I am a Canadian Anglophone, and I took a beginning Mandarin/Putonghua course at university.

The difficulty of Chinese is not due to the language (which is quite simple and straightforward), but the fact that (unlike English and French, for example) there are few shared words to act as crutches. What you find difficult will depend on your own aptitudes. If you have a good memory for symbols, you may find the characters very easy to learn, as I did. The grammar is very simple - like English, the sentances are Subject-Verb-Object, and there are no cases, or even plural to worry about. Pinyin spelling is also simple. Pronunciation is more difficult - in addition to the tones (there are only four in Putonghua), Chinese includes many phonemes not normally used in European languages.

The person who was most sucessful in my class was someone who got involved in the local Taiwanese students' association, and used his Chinese as much as possible, even when he did so poorly - like all languages, the more you use it, the better you will become. Chinese people tend to be very open to people learning the language (many have seemed surprised that I even know the word for chopsticks), though sometimes too accomodating in their willingness to speak English.

Zhongwen.com is an excellent online resource. There are also several webpages with phrases and recordings to teach pronunciation aimed at Westerners who have adopted Chinese children.

Good luck! Mandarin is a very beautiful language, and I wish I had time to study it more.
posted by jb at 8:52 AM on August 30, 2004


I studied Mandarin for four years at university... my suggestion to you is to find a program that teaches the spoken language and not the written — spoken Mandarin is amazingly straight forward, without the verb conjugation or declinations that make learning European languages so damn hard... but learning the characters is a world to itself.
posted by silusGROK at 9:03 AM on August 30, 2004


It's tough to say whether a language like Mandarin is easier to learn than a Romance language.
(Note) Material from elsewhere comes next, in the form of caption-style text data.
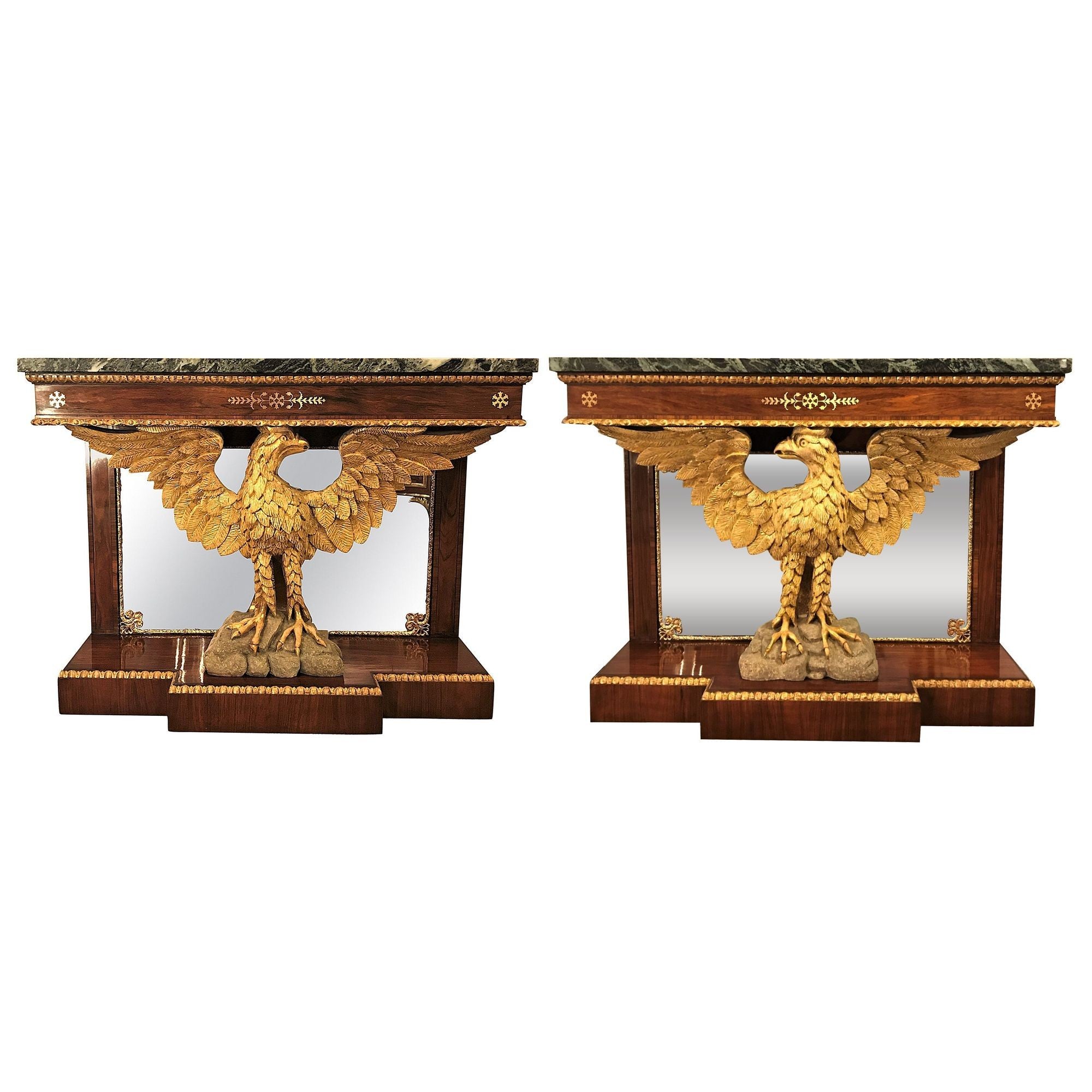 Pair of Monumental Federal Style Console Table with Carved Opposing Eagles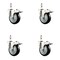 Service Caster 4 Inch 316SS Black Polyurethane Wheel Swivel 12mm Stem Caster Set Lock Brake SS316TSTTL20S414-PPUB-BLK-M1215-4 - alternate 2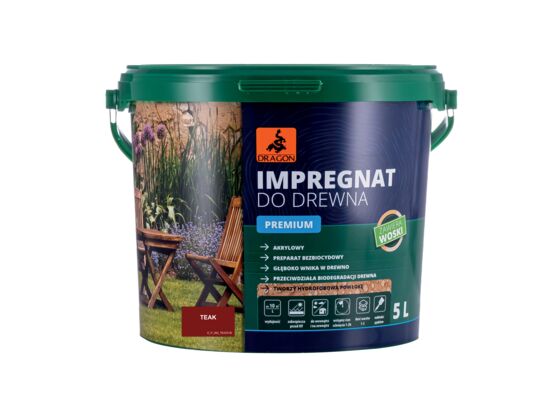Impregnat akrylowy do drewna PREMIUM 5 l teak Dragon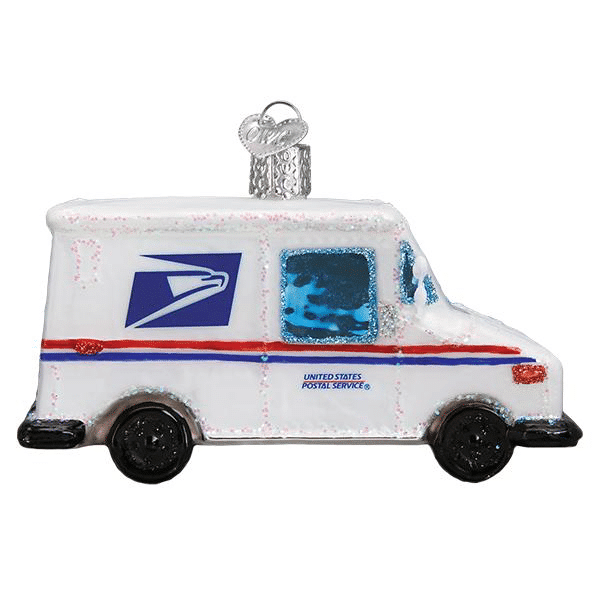 Old World Christmas Blown Glass Usps Mail Truck Ornament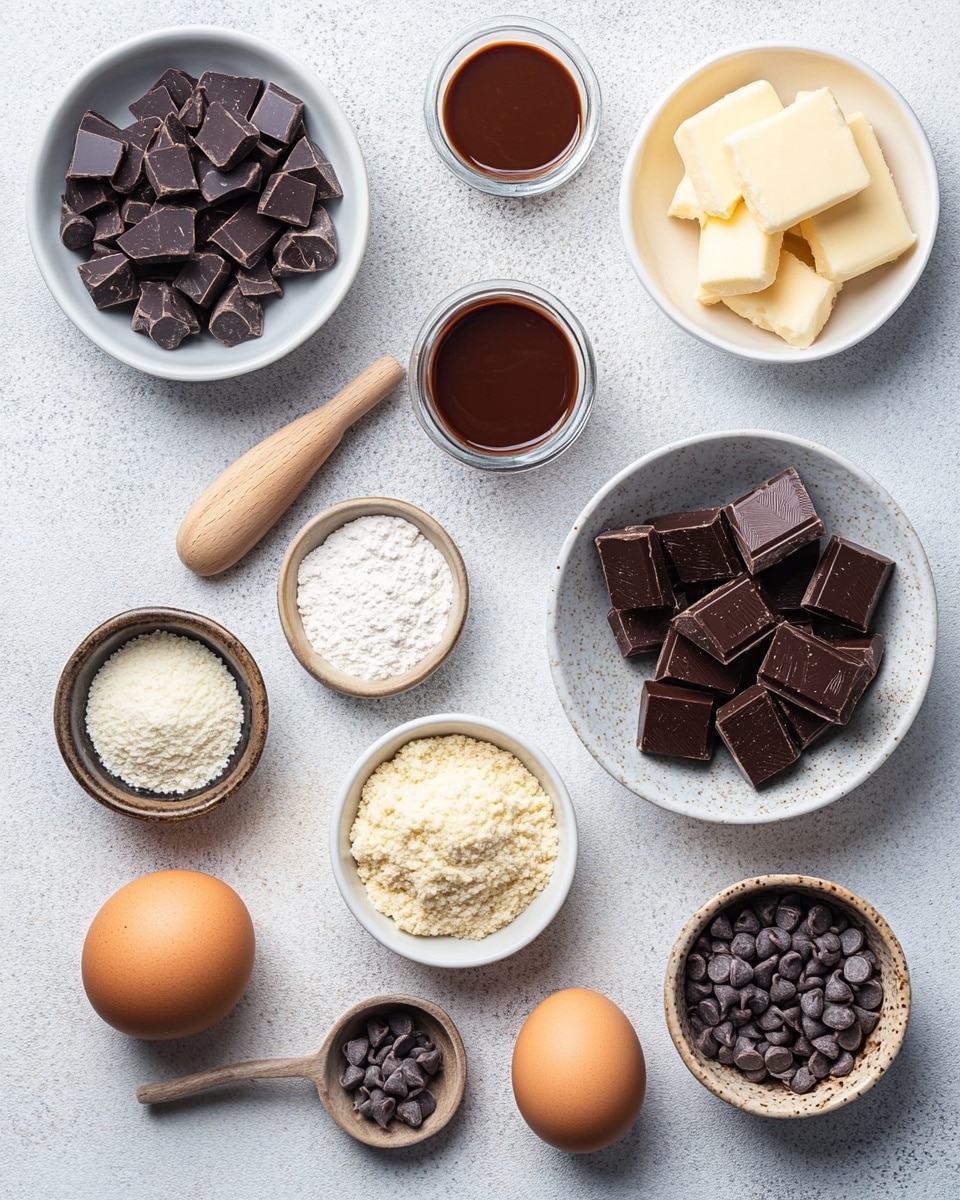 The image shows a round chocolate chip cookie baked in a black cast iron pan. The cookie has a golden-brown top layer with scattered, shiny dark chocolate chips. One slice has been removed, revealing a darker, moist, melted chocolate layer inside. The texture looks soft and slightly crumbly at the edges. There are a few cookie crumbs left in the pan, on a white marbled surface with a white cloth underneath. In the background, a white plate with a cookie slice is visible. photo taken with an iphone --ar 4:5 --v 7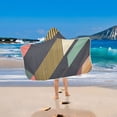 thumbnail image 2 of Yayeee Kids Hooded Towels Toddler Soft Absorbent Beach Bathing Wrap 50" x 23.5", Green Geometric, 2 of 5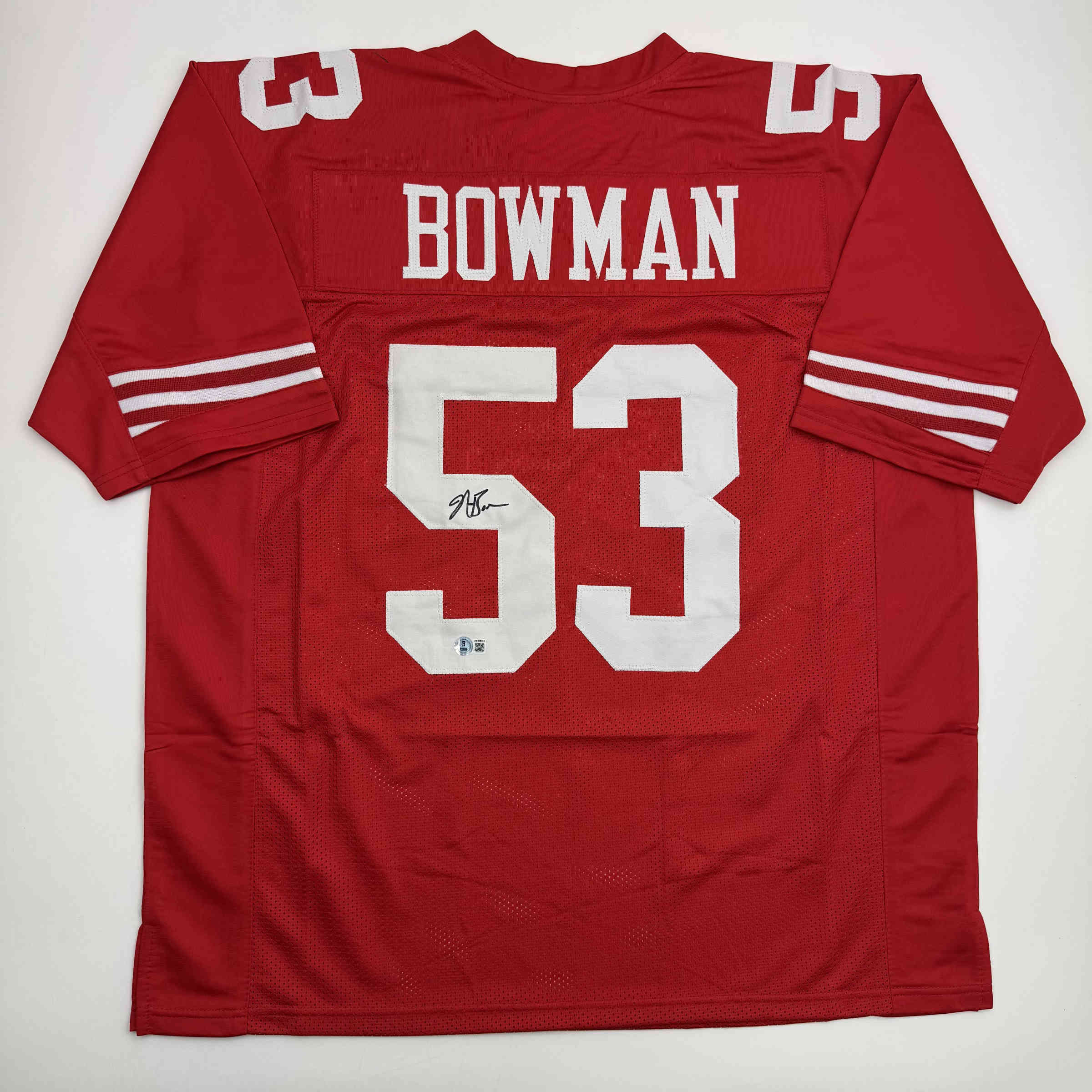 Autographed/Signed NaVorro Bowman San Francisco Red Football Jersey Beckett BAS COA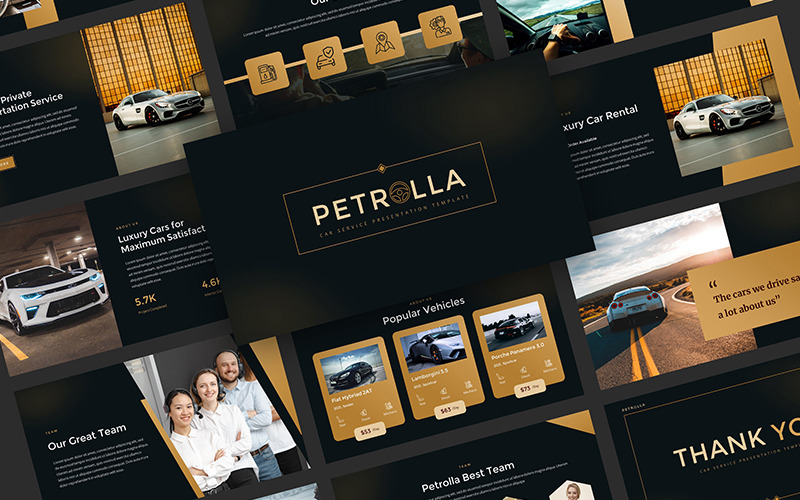 Petrolla - Car Service PowerPoint prezentační šablona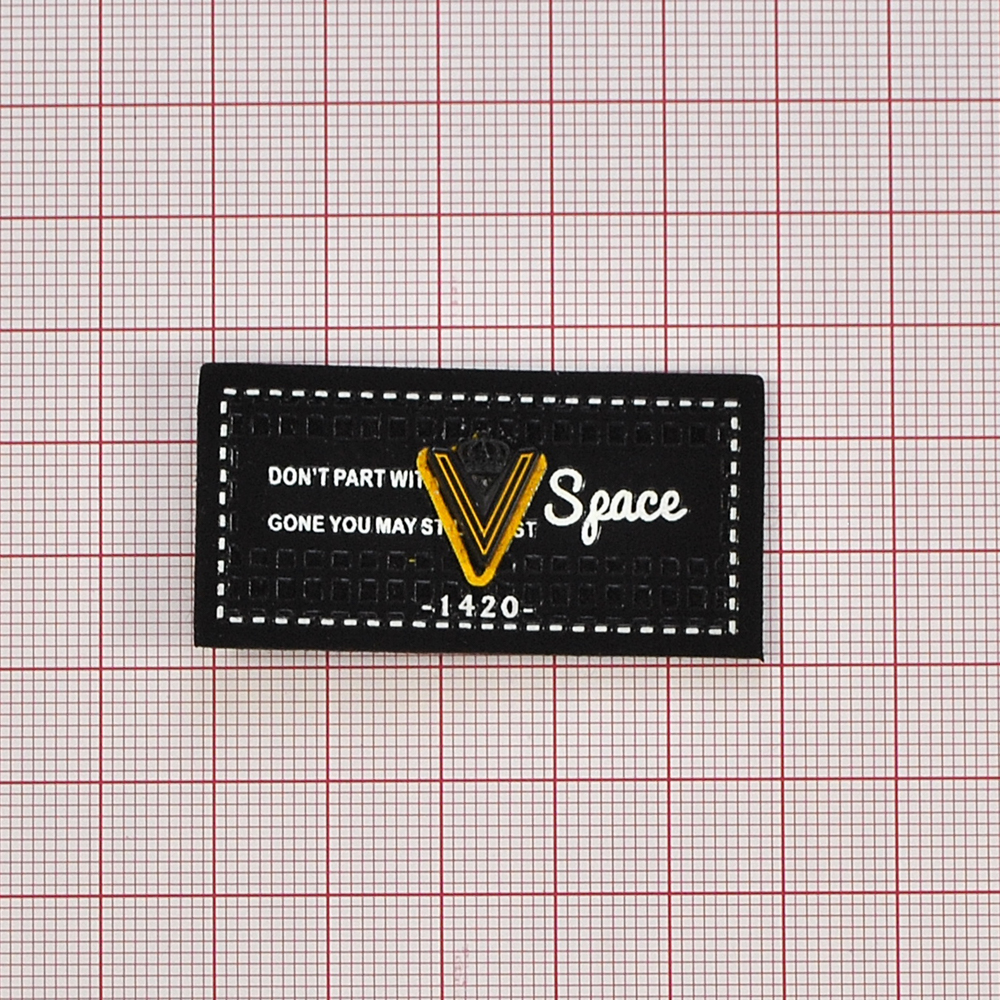 Лейба полиуретан V SPACE,  2,5*5см, черный, белый, желтый, шт. Лейба Кожзам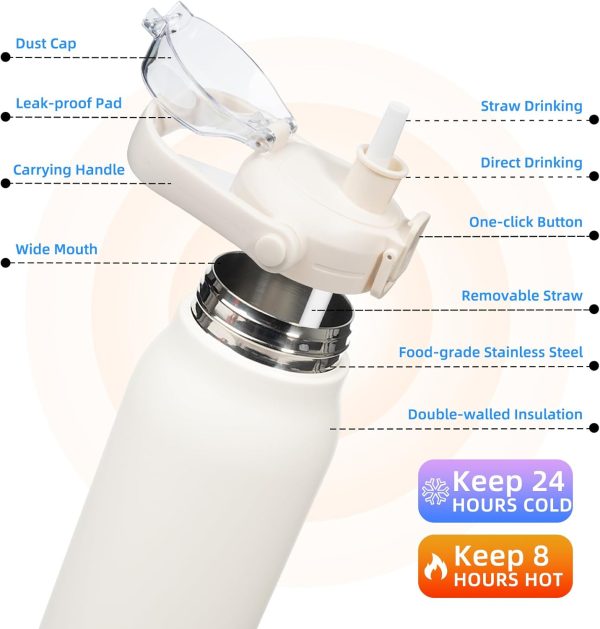 BJPKPK Insulated Water Bottles with Straw, 27 oz Cute Water Bottles with Handle, BPA Free Stainless Steel Metal Thermos, Easy Carry Thermos for Men & Women, White - Image 15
I knew a student once who was having a hell of a time learning Spanish. He switched to Japanese, and had a much easier time. As he told it, Spanish was too similar to his native English; it was too confusing to keep track of when you did the same thing as English and when you didn't.
posted by profwhat at 10:06 AM on August 30, 2004


It really depends on how you learn languages. The Boy and I both tried to learn Mandarin in college and we both ran into different obstacles. He had a terrible time with the characters but found the grammar structure incredibly elegant and easy to learn. I, on the other hand, did fine with the characters and had the damndest time with the grammar. In any case, I would recommend a Pimsleur course or any sort of situation where you are forced to use the language (conversation with a speaker who doesn't know English, travel). It's the easiest and best way to learn.
posted by calistasm at 6:41 PM on August 30, 2004


Pay attention to your tones. Some novices think that they can totally blow off tones and for really rudimentary stuff, you can indeed get by with shiite tones. But if you want to go past "Where is the bathroom?" and you don't know your first tone from the fourth, then you'll hit a very large wall.

Learning characters involves constant memorization. Slap some electronic music in your music listening device of your choice and write each character over and over until you can write it from memory. Don't bother trying to learn what the different radicals all mean until you've gotten your feet wet.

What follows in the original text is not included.